====== Recorded data
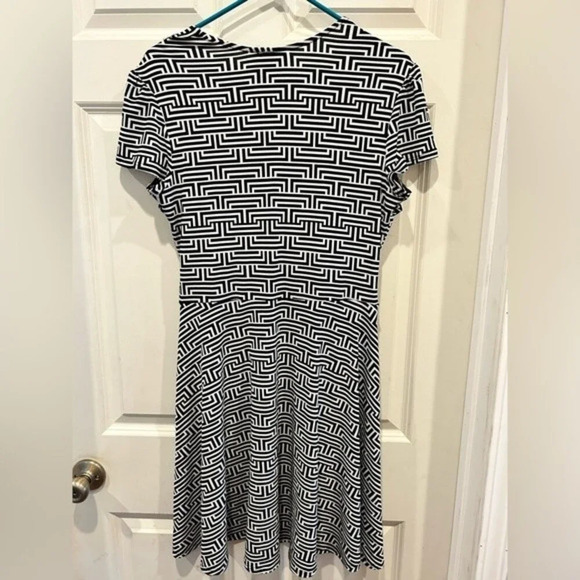 Leota Geometric‎ Pattern dress size XL petite - Picture 7 of 9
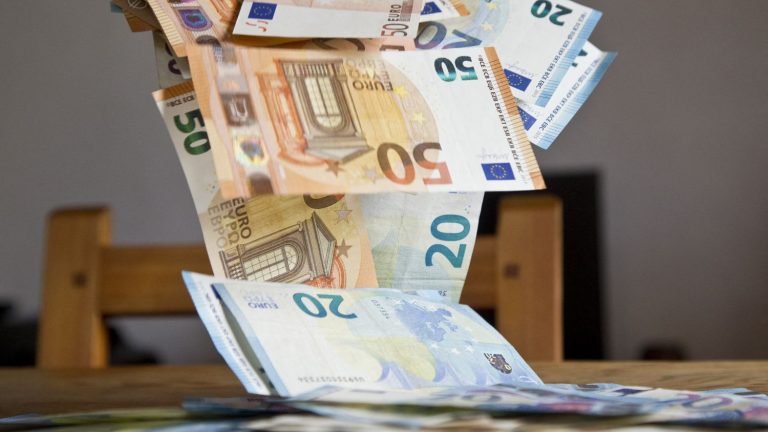 customs arrest two Italians at the Franco-Swiss border and discover three million euros in counterfeit banknotes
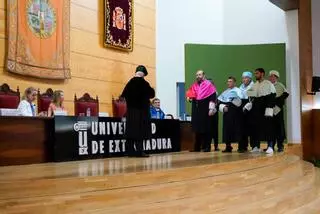 El rector de la UEx reclama a la Junta actualizar su financiación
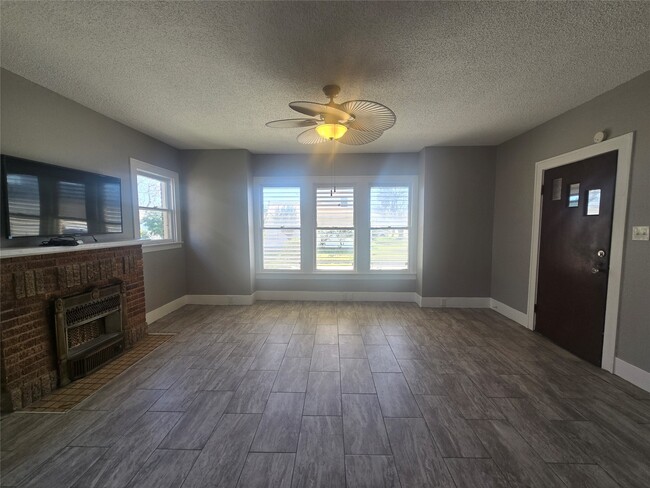 Photo - 3828 Ave S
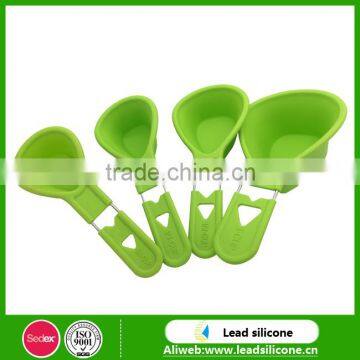 Unbreakable Durable Silicone Heart-shaped Measuring Spoon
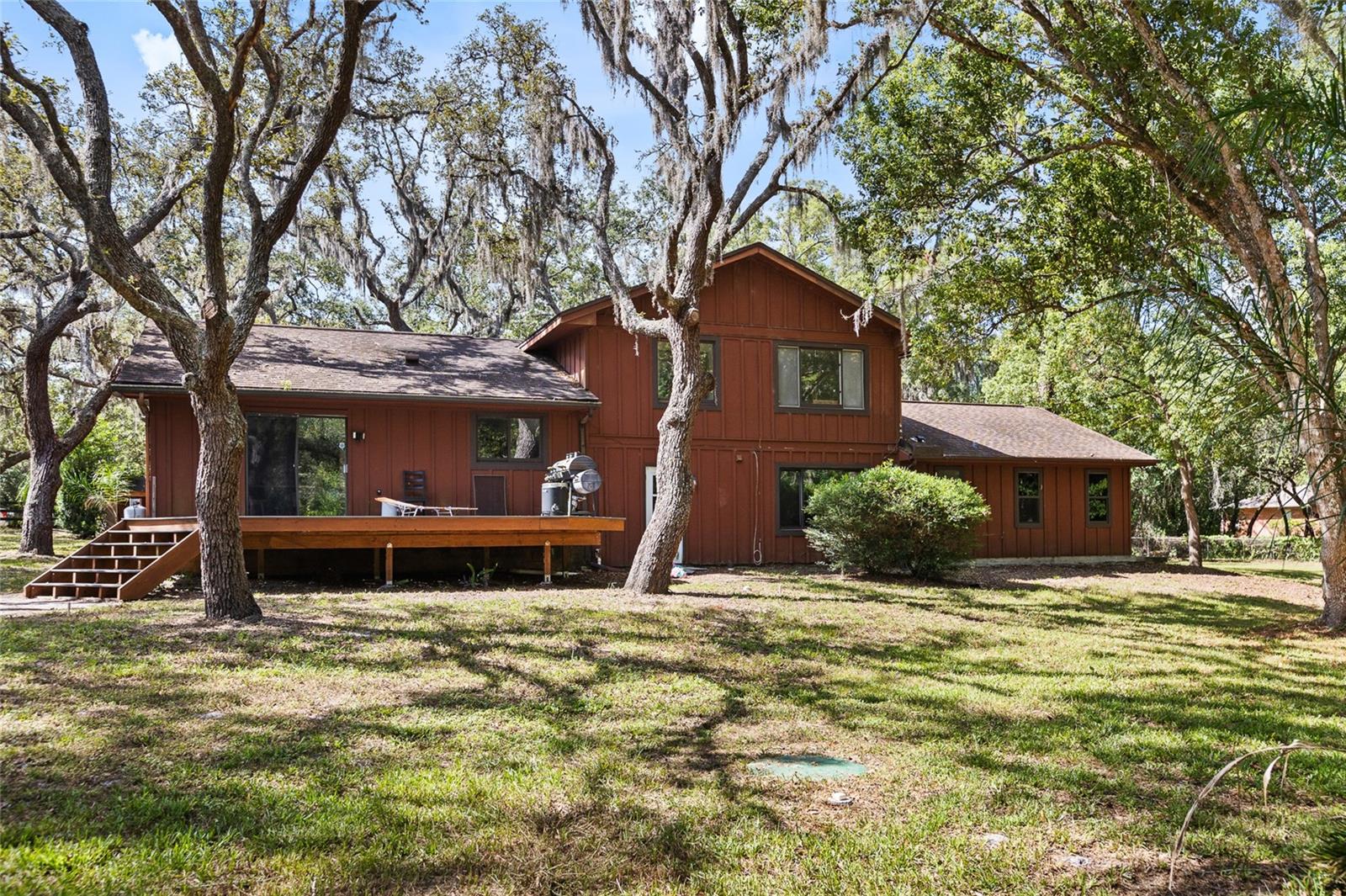 GOLDEN ACRES - Residential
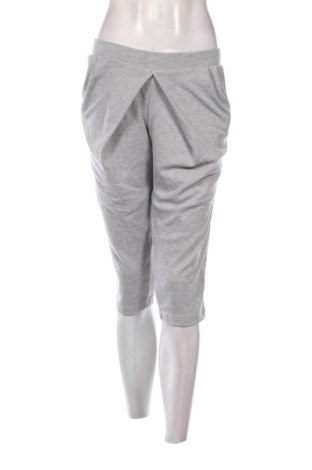 Дамски къс панталон Unbranded, Размер XL, Цвят Сив, Цена 10,00 €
============
Exercise brief: Nothing in the records should be changed in the copy, but the pictures must be left out.

Finished task:
 Leota Geometric‎ Pattern dress size XL petite - Picture 7 of 9
 customs arrest two Italians at the Franco-Swiss border and discover three million euros in counterfeit banknotes
 El rector de la UEx reclama a la Junta actualizar su financiación
 Photo - 3828 Ave S
 Unbreakable Durable Silicone Heart-shaped Measuring Spoon
 GOLDEN ACRES - Residential
 Дамски къс панталон Unbranded, Размер XL, Цвят Сив, Цена 10,00 €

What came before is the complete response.